The server usually runs on a stand-alone physical machine, virtual machine, or cloud instance. It can also locally run agent components with the purpose of monitoring itself. Below is a list of the main server components:
- Registration service: This is used to register new agents by provisioning and distributing pre-shared authentication keys, these keys are unique to each agent. This process runs as a network service and supports authentication via TLS/SSL and/or by a fixed password.
- Remote daemon service: This is the service that receives data from the agents. It makes use of the pre-shared keys to validate each agent’s identity and to encrypt communications with them.
- Analysis daemon: This is the process that performs data analysis. It utilizes decoders to identify the type of information being processed (e.g. Windows events, SSHD logs, web server logs, etc.) and then extract relevant data elements from the log messages (e.g. source ip, event id, user, etc.). Next, by using rules, the process can identify specific patterns in the decoded log records which could trigger alerts and possibly even call for automated countermeasures (active response) like an IP ban on the firewall.
- RESTful API: This provides an interface to manage and monitor the configuration and deployment status of agents. It is also used by the Wazuh web interface, which is a Kibana app.
Elastic Stack is a unified suite of popular open source projects for log management, including Elasticsearch, Logstash, Kibana, Filebeat, and others. The parts especially relevant to the Wazuh solution are:
- Elasticsearch: A highly scalable full-text search and analytics engine. Elasticsearch is distributed, meaning the data (indices) are divided into shards and each shard can have zero or more replicas.
- Logstash: A tool to collect and parse logs to be saved into a storage system (e.g., Elasticsearch). Collected events can also be enriched and transformed using input, filter and output plugins.

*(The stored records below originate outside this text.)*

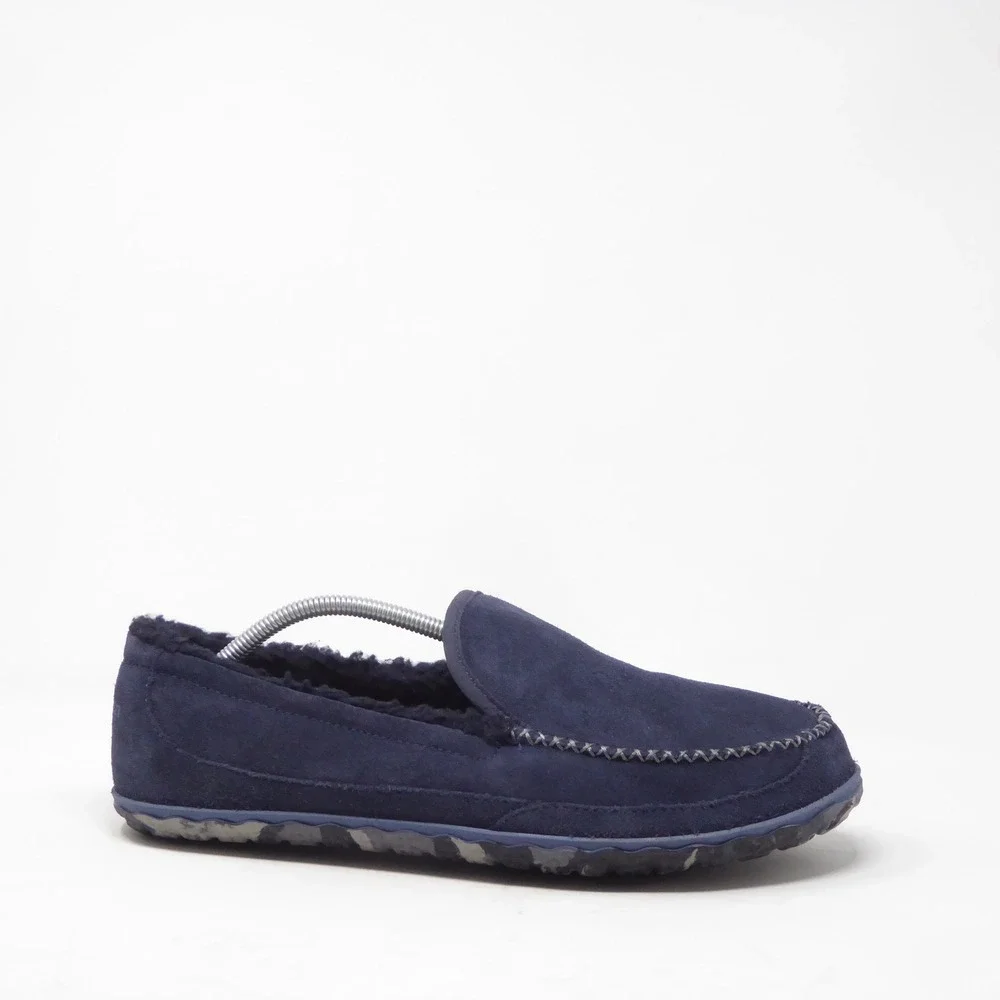 LL Bean Mens Mountain Slippers Navy Suede Fleece Lined Moccasins Size 12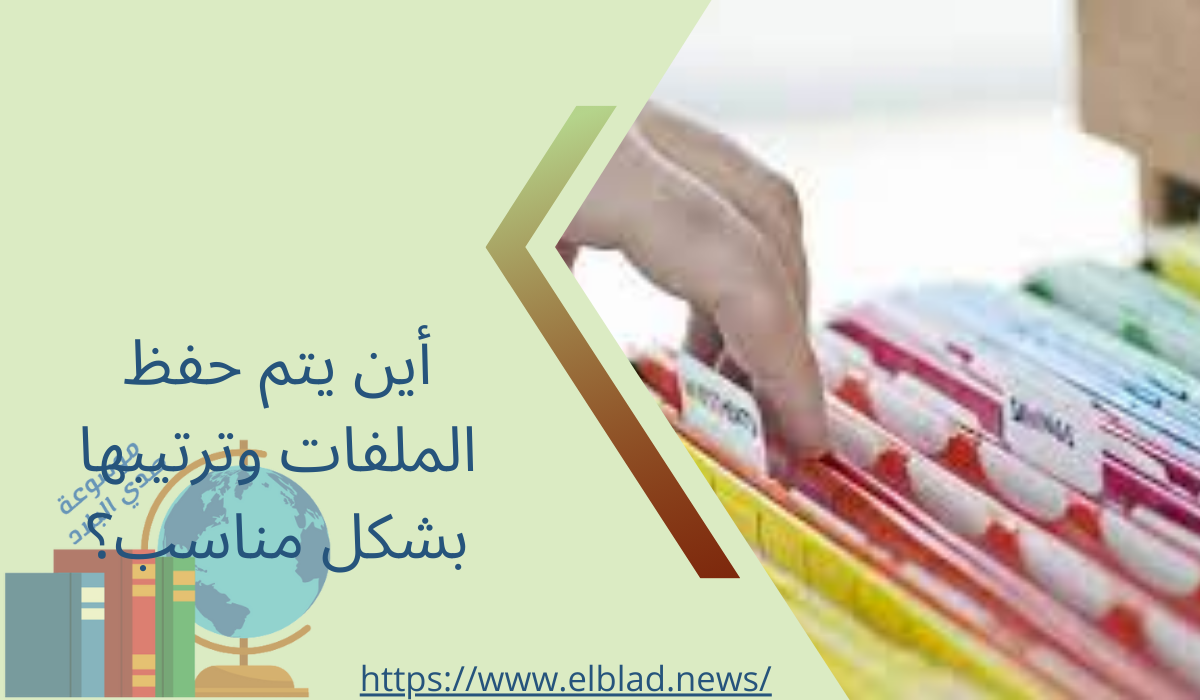 أين يتم حفظ الملفات وترتيبها بشكل مناسب؟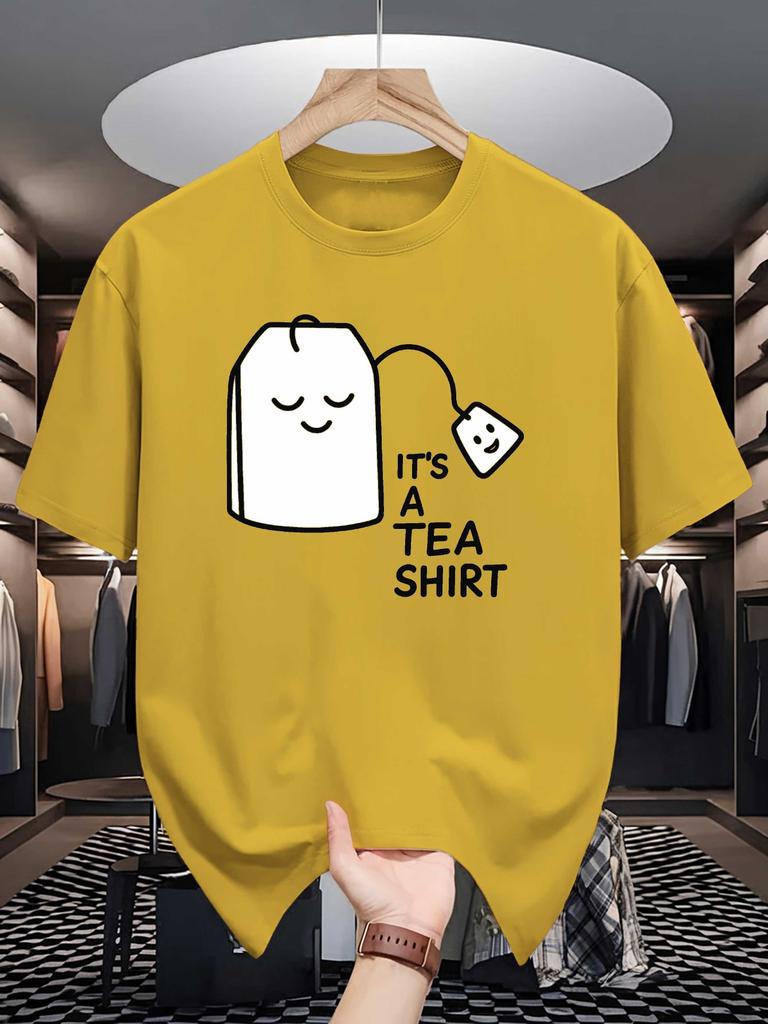 Unisex Crew Neck Tee Cute Tea Bag Cartoon Funny Pun Text Print Soft Cotton Loose Short Sleeve Summer Casual Male Streetwear Tops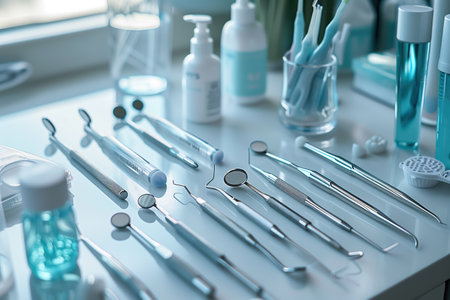Modern dental care, with close-ups on an array of sterilized dental neatly arranged on a tray. Generative AI.の素材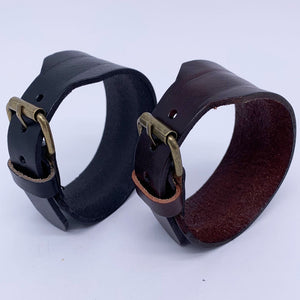 plain brown leather bracelet from Frenelle Jewellery
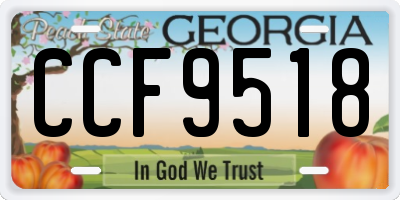 GA license plate CCF9518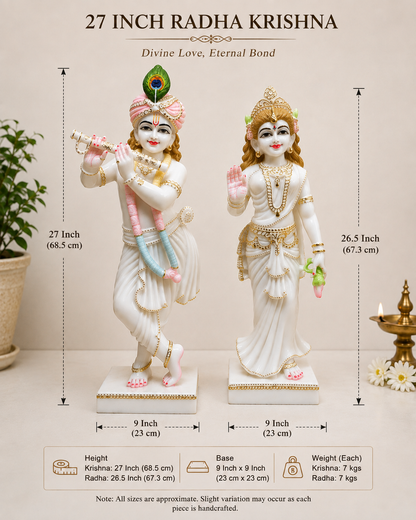 27 Inch Radha Krishna Marble Murti | White Marble Radha Krishna Idol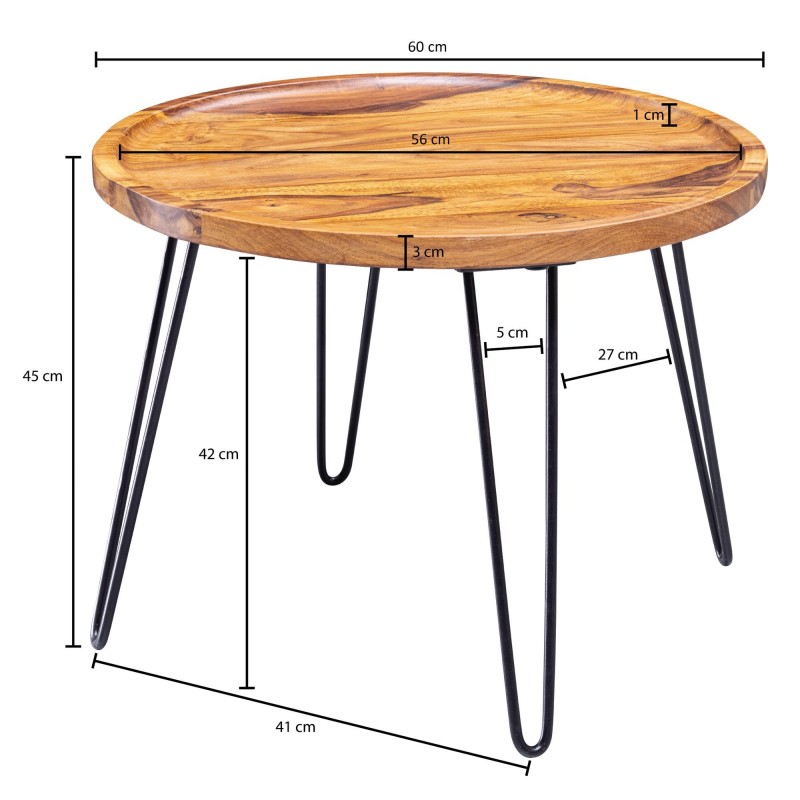 WELLAND Couchtisch Aus Zedernholz Mit Live Edge – Rustikaler Beistelltisch Mit Haarnadelbeinen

- Kibana: A flexible and intuitive web interface for mining, analyzing, and visualizing data. It runs on top of the content indexed on an Elasticsearch cluster.
- Filebeat: A lightweight forwarder used to convey logs across a network, usually to Logstash or Elasticsearch.
Wazuh integrates with Elastic Stack to provide a feed of already decoded log messages to be indexed by Elasticsearch, as well as a real-time web console for alert and log data analysis. In addition, the Wazuh user interface (running on top of Kibana) can be used for management and monitoring of your Wazuh infrastructure.
An Elasticsearch index is a collection of documents that have somewhat similar characteristics (like certain common fields and shared data retention requirements). Wazuh utilizes as many as three different indices, created daily, to store different event types:
- wazuh-alerts: Index for alerts generated by the Wazuh server each time an event trips a rule.
- wazuh-events: Index for all events (archive data) received from the agents, whether or not they trip a rule.
- wazuh-monitoring: Index for data related to agent status over time. It is used by the web interface to represent when individual agents are or have been “Active”, “Disconnected”, or “Never connected”.
An index is composed of documents. For the indices above, documents are individual alerts, archived events, or status events.
An Elasticsearch index is split up into one or more shards, and each shard can optionally have one or more replicas. Each primary and replica shard is an individual Lucene index. Thus an Elasticsearch index is made up of many Lucene indexes. When a search is run on an Elasticsearch index, the search is executed on all the shards in parallel, and the results are merged. Splitting up Elasticsearch indexes into multiple shards and replicas is used in multiple-node Elasticsearch clusters with the purpose of scaling out searches and for high availability. Single-node Elasticsearch clusters normally have only one shard per index and no replicas.